◆ Given entries:

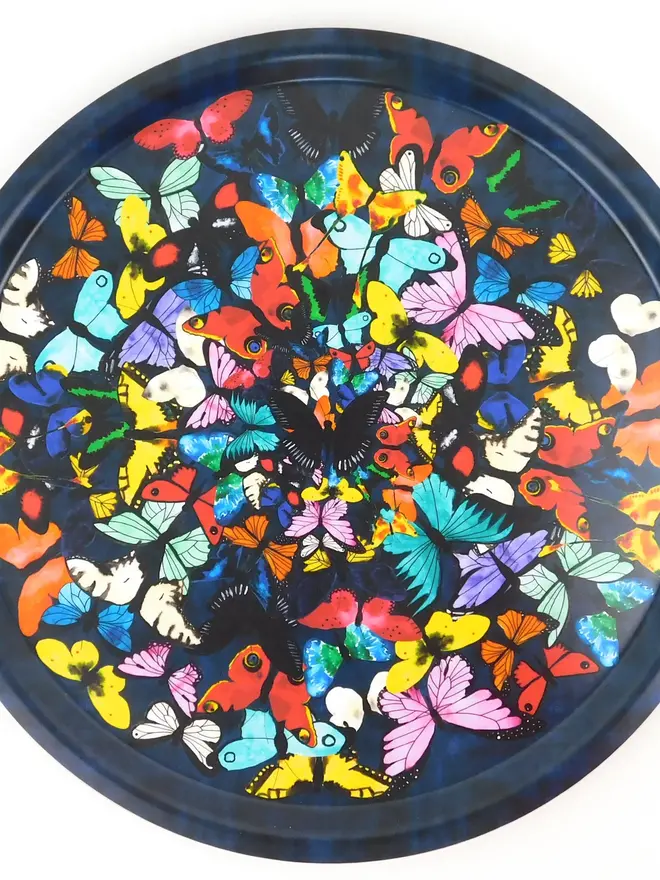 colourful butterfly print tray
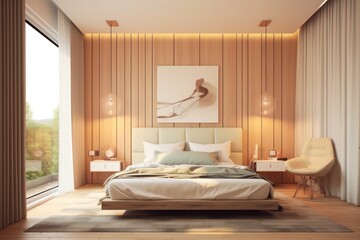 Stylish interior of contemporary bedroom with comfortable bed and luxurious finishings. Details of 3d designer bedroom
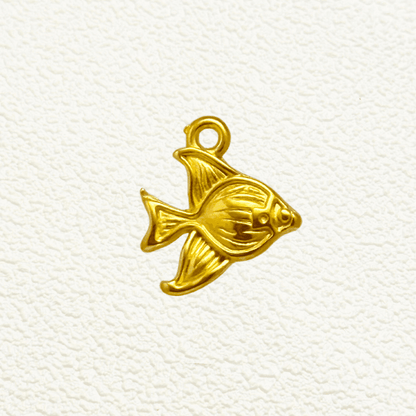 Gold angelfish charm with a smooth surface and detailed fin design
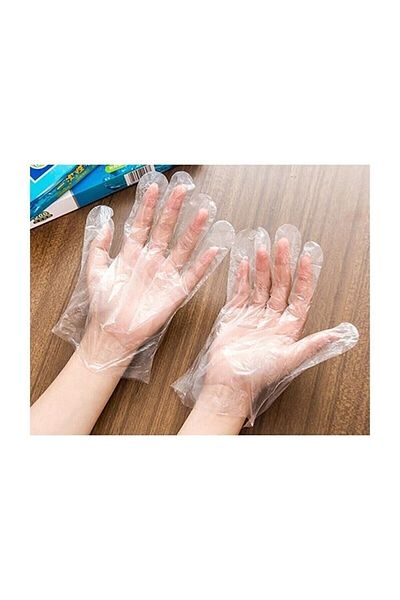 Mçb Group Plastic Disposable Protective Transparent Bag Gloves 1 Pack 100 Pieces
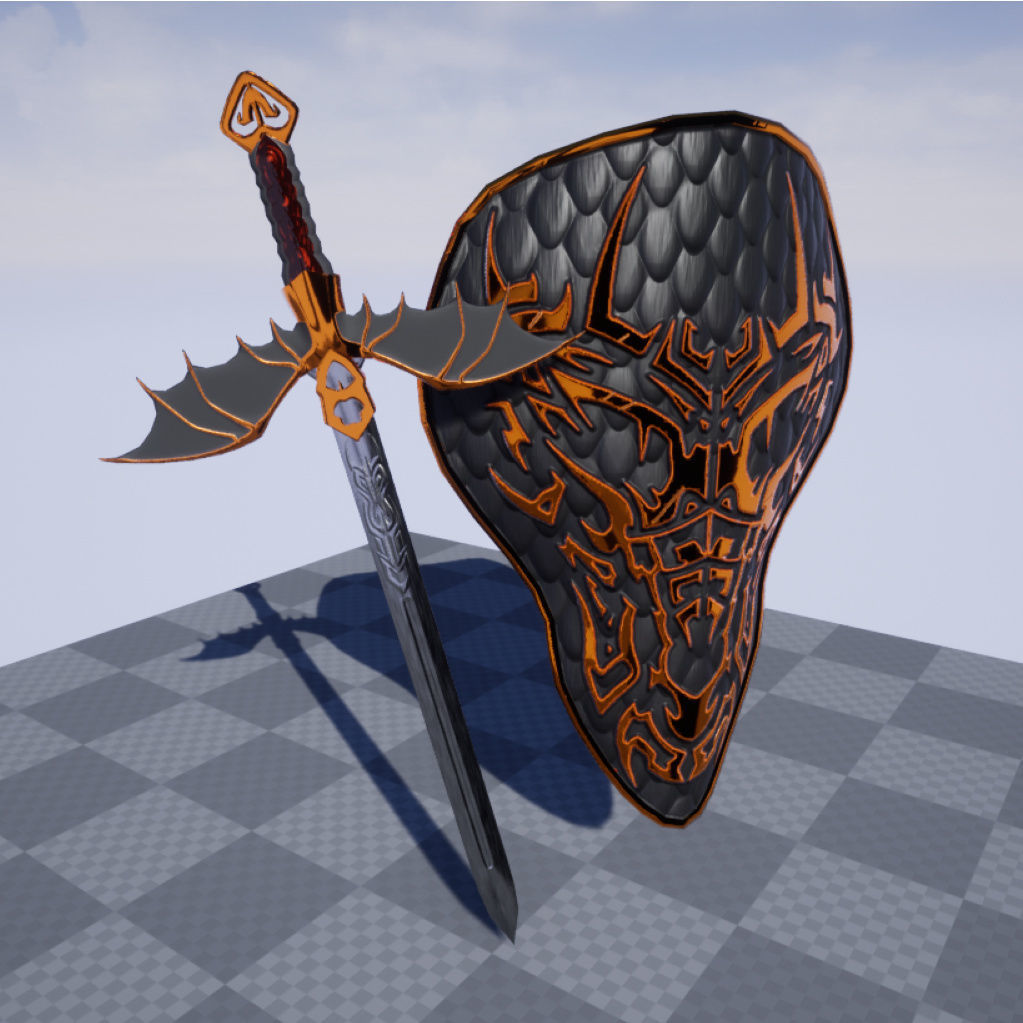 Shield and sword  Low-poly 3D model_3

◆ Exercise details:
Leave out any pictures, please, and quote only the lines from the top of the data through the line that contains "Gold angelfish charm".

◆ Answer:
 colourful butterfly print tray
 Stylish interior of contemporary bedroom with comfortable bed and luxurious finishings. Details of 3d designer bedroom
 Gold angelfish charm with a smooth surface and detailed fin design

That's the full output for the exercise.